Reputation: 173
I have a column of strings/Nones that I'd like to convert to date. But, if there's an element that I can't convert to date (in my format), I'd like None there, but I also need to know it failed to convert(i.e. it's not None because it was there as None originally, but was incorrect entry to start with)
I could, of course, return say an error string in the conversion function, like:
import pandas as pd
import datetime
def convert(x):
if x is None:
return None
try:
d = datetime.datetime.strptime(x, '%Y%m%d')
except:
d = f"Error converting {x}"
return d
s1 = pd.Series(["2021228", "2021228", "2021228", None, "x"])
s2 = s1.apply(convert)
print(s2)
0 2021-02-28 00:00:00
1 2021-02-28 00:00:00
2 2021-02-28 00:00:00
3 None
4 Error converting x
dtype: object
But then I need to check for all the elements of the column that are error string, and, because I need them listed, would need to separate them into their own column/series.
Which TBH seems like a major pain to me, as it means I'd have to run map/apply or something similar again, so two passes for each column I need to verify.
Edit: And, in a more generic way, I don't like checking for a specific string in the first place. If it was an operation on strings, not dates, it'd be rather unreliable.

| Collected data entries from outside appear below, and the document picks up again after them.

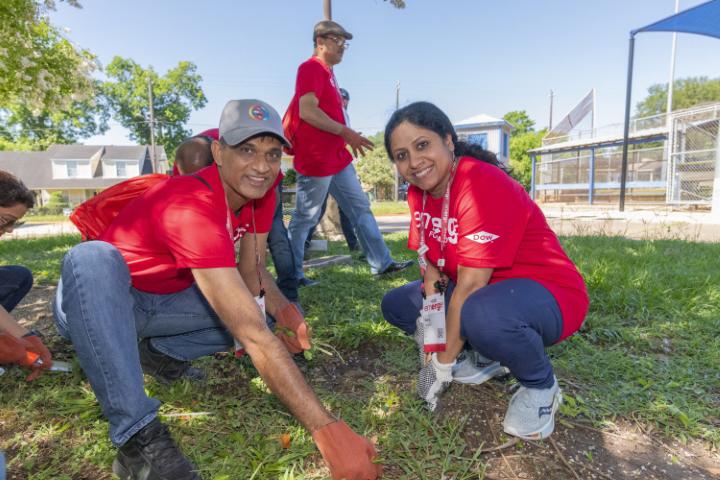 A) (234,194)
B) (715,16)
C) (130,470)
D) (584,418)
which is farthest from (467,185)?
(715,16)

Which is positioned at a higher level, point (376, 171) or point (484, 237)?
point (376, 171)

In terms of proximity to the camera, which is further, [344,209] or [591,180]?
[591,180]

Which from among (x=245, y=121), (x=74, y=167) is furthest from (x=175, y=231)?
(x=74, y=167)

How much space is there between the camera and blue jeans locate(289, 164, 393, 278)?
3.82m

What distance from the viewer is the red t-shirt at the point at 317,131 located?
3.52 m

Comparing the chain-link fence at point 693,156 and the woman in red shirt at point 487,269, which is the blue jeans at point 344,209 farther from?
the chain-link fence at point 693,156

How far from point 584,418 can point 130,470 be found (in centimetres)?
173

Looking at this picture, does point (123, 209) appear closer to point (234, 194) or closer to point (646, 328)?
point (234, 194)

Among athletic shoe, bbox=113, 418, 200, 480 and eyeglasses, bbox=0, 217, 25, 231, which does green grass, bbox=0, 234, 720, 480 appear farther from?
eyeglasses, bbox=0, 217, 25, 231

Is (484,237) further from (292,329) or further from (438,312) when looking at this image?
(292,329)

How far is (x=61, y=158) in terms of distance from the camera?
40281mm

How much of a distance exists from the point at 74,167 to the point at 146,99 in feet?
30.8

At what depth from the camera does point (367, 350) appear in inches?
102

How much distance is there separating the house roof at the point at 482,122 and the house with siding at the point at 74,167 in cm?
2820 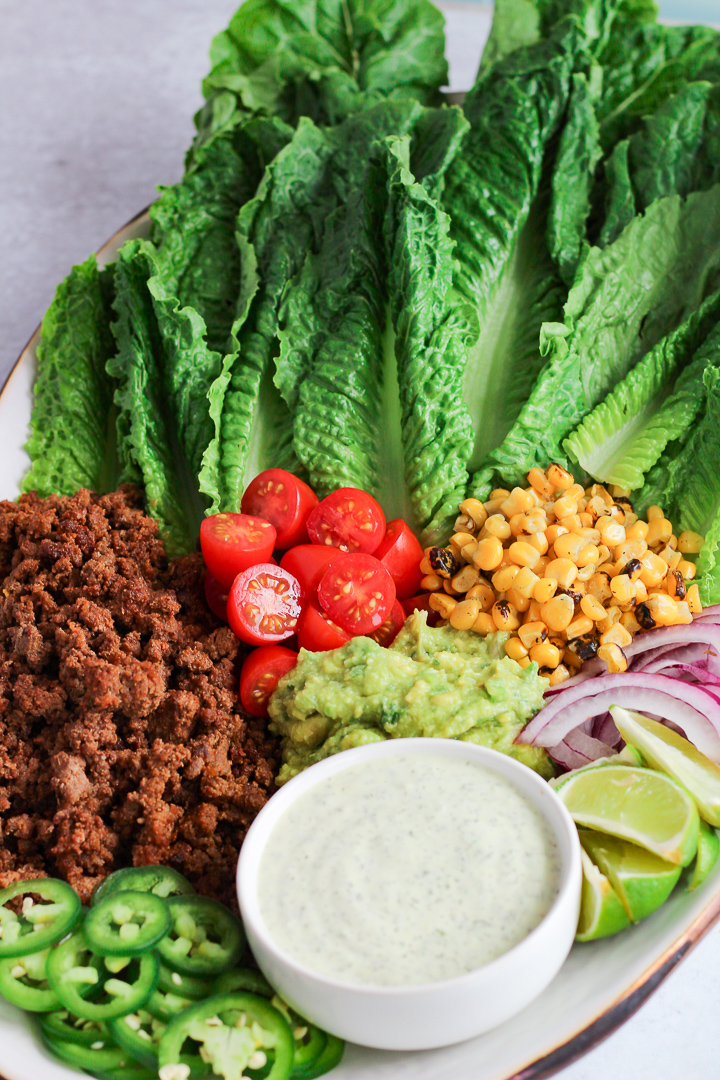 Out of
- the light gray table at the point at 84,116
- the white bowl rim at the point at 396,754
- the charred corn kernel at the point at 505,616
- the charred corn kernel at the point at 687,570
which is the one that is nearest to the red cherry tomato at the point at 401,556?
the charred corn kernel at the point at 505,616

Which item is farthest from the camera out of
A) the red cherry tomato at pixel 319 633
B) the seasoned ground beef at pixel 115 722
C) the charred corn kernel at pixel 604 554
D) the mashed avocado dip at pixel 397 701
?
the charred corn kernel at pixel 604 554

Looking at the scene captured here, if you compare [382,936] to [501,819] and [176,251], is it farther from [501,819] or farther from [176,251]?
[176,251]

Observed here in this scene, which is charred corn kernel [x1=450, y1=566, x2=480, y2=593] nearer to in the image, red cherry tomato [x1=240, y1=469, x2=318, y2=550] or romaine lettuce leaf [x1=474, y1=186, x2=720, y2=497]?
→ romaine lettuce leaf [x1=474, y1=186, x2=720, y2=497]

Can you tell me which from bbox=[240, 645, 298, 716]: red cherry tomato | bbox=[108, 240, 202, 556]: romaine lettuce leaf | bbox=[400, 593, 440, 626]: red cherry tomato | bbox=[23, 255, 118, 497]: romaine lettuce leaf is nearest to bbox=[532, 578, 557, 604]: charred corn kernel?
bbox=[400, 593, 440, 626]: red cherry tomato

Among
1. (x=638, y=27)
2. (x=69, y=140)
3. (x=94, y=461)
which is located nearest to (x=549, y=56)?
(x=638, y=27)

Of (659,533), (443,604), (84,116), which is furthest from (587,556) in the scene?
(84,116)

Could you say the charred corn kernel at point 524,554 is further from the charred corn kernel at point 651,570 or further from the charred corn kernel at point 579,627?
the charred corn kernel at point 651,570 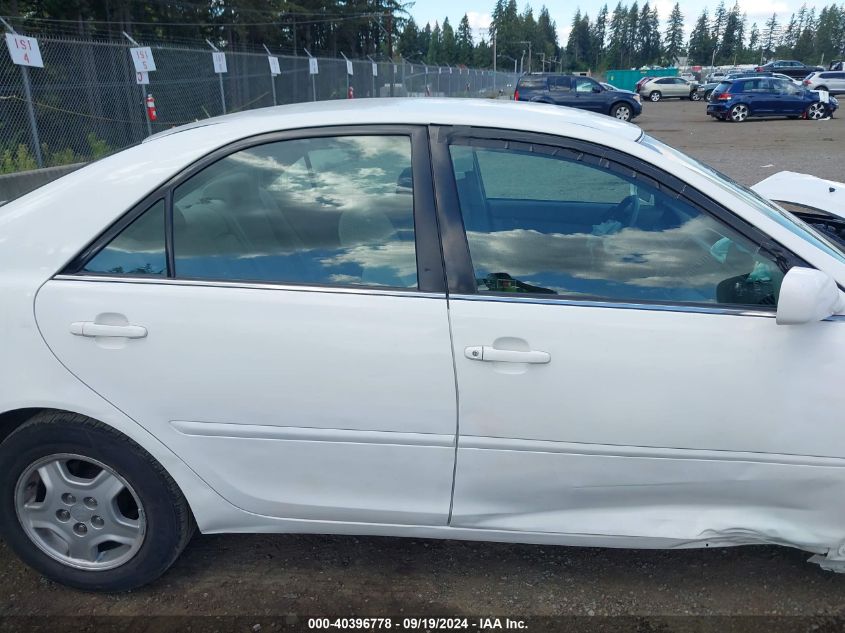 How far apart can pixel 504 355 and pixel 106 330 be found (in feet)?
4.03

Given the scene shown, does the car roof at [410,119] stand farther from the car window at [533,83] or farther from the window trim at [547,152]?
the car window at [533,83]

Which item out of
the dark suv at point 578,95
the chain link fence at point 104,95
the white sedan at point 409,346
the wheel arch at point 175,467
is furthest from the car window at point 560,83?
the wheel arch at point 175,467

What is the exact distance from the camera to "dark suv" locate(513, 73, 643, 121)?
25766 mm

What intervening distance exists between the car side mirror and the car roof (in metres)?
0.69

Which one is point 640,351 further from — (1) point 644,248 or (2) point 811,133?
(2) point 811,133

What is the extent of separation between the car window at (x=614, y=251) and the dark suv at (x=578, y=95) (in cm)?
2387

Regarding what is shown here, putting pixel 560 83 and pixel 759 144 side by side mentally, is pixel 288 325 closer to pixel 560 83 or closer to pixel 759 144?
pixel 759 144

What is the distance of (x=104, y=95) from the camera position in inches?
469

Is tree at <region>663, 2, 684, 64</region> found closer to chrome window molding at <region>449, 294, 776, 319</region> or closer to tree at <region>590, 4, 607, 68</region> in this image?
tree at <region>590, 4, 607, 68</region>

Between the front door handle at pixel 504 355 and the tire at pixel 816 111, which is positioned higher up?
the front door handle at pixel 504 355

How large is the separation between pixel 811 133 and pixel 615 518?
22.1m

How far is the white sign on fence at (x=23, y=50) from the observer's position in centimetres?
861

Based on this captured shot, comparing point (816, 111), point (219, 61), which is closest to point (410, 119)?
point (219, 61)

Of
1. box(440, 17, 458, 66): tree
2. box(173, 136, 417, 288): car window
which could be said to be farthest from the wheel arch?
box(440, 17, 458, 66): tree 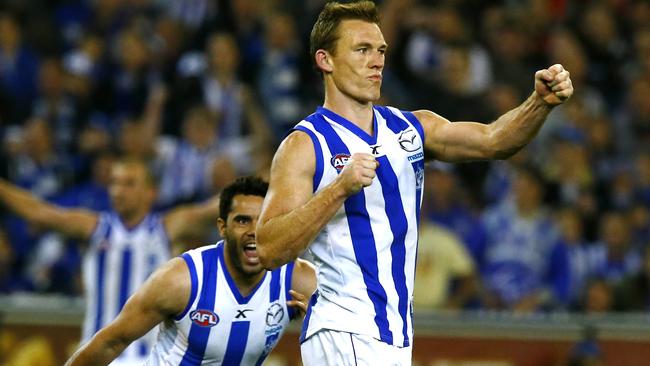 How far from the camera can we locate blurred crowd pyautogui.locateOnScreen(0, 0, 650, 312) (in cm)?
1044

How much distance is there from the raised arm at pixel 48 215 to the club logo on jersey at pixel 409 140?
182 inches

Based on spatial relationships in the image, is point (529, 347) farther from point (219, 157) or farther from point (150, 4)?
point (150, 4)

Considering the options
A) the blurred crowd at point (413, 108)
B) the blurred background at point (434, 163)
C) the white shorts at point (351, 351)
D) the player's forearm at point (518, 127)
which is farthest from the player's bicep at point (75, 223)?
the player's forearm at point (518, 127)

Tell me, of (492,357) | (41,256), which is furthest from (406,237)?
(41,256)

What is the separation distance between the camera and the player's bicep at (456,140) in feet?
17.3

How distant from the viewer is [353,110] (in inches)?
206

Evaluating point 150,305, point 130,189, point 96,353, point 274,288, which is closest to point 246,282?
point 274,288

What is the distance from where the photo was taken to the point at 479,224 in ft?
35.2

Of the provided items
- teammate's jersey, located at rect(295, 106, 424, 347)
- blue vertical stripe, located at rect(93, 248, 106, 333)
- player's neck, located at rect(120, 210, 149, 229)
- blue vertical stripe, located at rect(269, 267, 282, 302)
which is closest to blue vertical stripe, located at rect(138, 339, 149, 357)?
blue vertical stripe, located at rect(93, 248, 106, 333)

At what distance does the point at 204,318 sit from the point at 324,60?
154 cm

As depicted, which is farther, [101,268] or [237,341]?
[101,268]

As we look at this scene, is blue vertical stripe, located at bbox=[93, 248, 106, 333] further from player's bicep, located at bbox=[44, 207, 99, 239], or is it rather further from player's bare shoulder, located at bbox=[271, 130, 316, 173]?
player's bare shoulder, located at bbox=[271, 130, 316, 173]

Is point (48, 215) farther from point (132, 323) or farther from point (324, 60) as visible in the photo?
point (324, 60)

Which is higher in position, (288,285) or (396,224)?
(396,224) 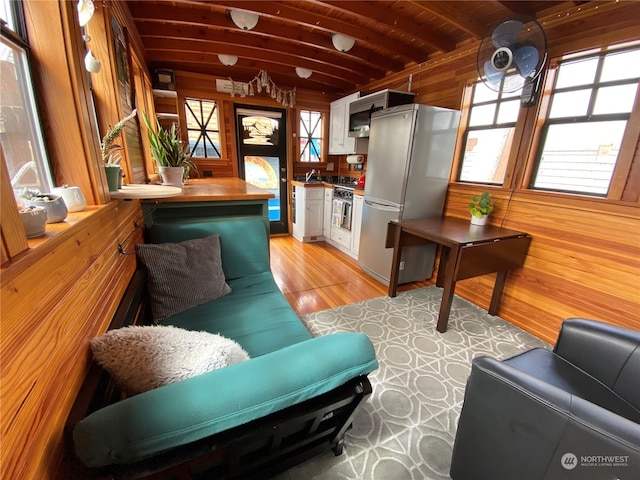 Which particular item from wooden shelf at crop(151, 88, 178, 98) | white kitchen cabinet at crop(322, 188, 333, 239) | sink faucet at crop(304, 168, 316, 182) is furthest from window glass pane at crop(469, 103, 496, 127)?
wooden shelf at crop(151, 88, 178, 98)

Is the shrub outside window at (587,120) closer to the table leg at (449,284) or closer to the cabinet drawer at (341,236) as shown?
the table leg at (449,284)

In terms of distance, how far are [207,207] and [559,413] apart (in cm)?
219

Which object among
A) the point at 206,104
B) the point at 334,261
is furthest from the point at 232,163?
the point at 334,261

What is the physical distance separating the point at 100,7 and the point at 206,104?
8.36 ft

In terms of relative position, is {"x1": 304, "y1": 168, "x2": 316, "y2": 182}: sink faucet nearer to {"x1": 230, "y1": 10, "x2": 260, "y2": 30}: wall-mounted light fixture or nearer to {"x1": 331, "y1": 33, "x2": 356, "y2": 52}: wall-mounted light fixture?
{"x1": 331, "y1": 33, "x2": 356, "y2": 52}: wall-mounted light fixture

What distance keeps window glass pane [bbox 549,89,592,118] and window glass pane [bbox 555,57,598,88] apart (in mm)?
66

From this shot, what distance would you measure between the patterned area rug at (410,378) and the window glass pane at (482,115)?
1.78m

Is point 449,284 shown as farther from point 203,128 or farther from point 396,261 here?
point 203,128

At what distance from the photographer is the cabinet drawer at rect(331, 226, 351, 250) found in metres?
3.82

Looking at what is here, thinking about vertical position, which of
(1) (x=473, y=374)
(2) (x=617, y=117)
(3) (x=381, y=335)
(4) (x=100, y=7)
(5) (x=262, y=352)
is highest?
(4) (x=100, y=7)

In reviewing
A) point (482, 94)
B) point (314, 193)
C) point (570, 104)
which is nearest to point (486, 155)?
point (482, 94)

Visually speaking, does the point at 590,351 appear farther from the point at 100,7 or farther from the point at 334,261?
the point at 100,7

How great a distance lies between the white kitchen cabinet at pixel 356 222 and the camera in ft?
11.5

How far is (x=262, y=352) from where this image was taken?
118cm
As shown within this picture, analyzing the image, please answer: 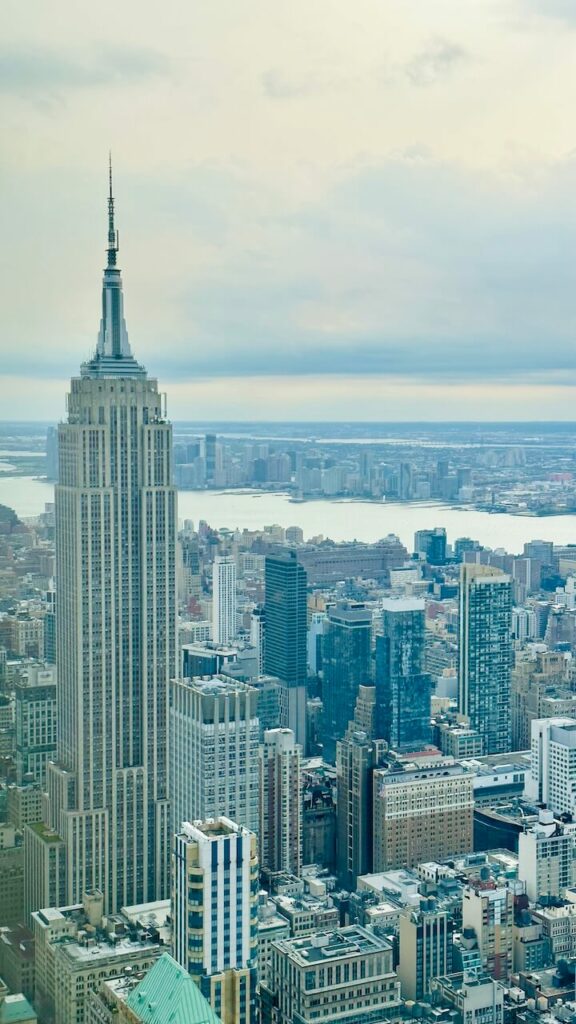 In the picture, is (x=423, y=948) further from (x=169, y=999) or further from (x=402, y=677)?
(x=402, y=677)

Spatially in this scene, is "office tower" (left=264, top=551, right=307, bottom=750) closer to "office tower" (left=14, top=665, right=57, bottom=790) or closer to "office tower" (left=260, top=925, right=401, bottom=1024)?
"office tower" (left=14, top=665, right=57, bottom=790)

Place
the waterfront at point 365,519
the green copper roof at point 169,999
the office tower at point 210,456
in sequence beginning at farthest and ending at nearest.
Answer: the waterfront at point 365,519
the office tower at point 210,456
the green copper roof at point 169,999

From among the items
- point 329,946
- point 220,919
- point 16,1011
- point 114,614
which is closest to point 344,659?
point 114,614

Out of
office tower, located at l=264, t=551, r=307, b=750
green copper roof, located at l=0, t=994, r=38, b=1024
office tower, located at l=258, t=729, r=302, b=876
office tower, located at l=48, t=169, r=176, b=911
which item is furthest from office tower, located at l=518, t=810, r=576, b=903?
green copper roof, located at l=0, t=994, r=38, b=1024

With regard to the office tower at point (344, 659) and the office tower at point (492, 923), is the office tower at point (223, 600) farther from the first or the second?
the office tower at point (492, 923)

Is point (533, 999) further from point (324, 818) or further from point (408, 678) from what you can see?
point (408, 678)

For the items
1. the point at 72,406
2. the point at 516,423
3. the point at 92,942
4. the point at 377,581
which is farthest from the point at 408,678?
the point at 92,942

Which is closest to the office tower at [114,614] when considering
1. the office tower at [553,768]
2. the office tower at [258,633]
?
the office tower at [258,633] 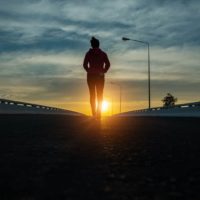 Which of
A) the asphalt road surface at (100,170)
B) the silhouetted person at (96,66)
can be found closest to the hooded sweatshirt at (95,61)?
the silhouetted person at (96,66)

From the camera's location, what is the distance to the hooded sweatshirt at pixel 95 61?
1930cm

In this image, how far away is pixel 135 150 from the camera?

I have tried to return a Series from the apply, with labels value and error, but if there is an error (i.e. a None value in the value label) , all datetimes get converted into a float, and I can't figure out why (I looked into pandas' code, it marks it as mixed type, and I suspect does some conversion somewhere).
import pandas as pd
import datetime
def convert(x):
v = None
e = None
if x is not None:
try:
v = datetime.datetime.strptime(x, '%Y%m%d')
except:
e = f"Error converting {x}"
return pd.Series({"value":v, "error":e})
s1 = pd.Series(["2021228", "2021228", "2021228", None, "x"])
s2 = s1.apply(convert)
print(s2["value"])
0 1.614470e+18
1 1.614470e+18
2 1.614470e+18
3 NaN
4 NaN
Any ideas?
Upvotes: 0
Views: 51
Reputation: 173
Actually, the easiest way seem to be to use transform(), with two functions, one which does the transformation and the other produces the error. I don't know whether it's the most efficient, but it works ok on the relatively small datasets I have.
something like
def value(x):
return convert(x) if valid(x) else None
def error(x):
return None if valid(x) else f"{x} is causing an error!"
s = s1.transform([value, error])
s["value"] then has the right values (or Nones), s["error"] has the errors.
Upvotes: 1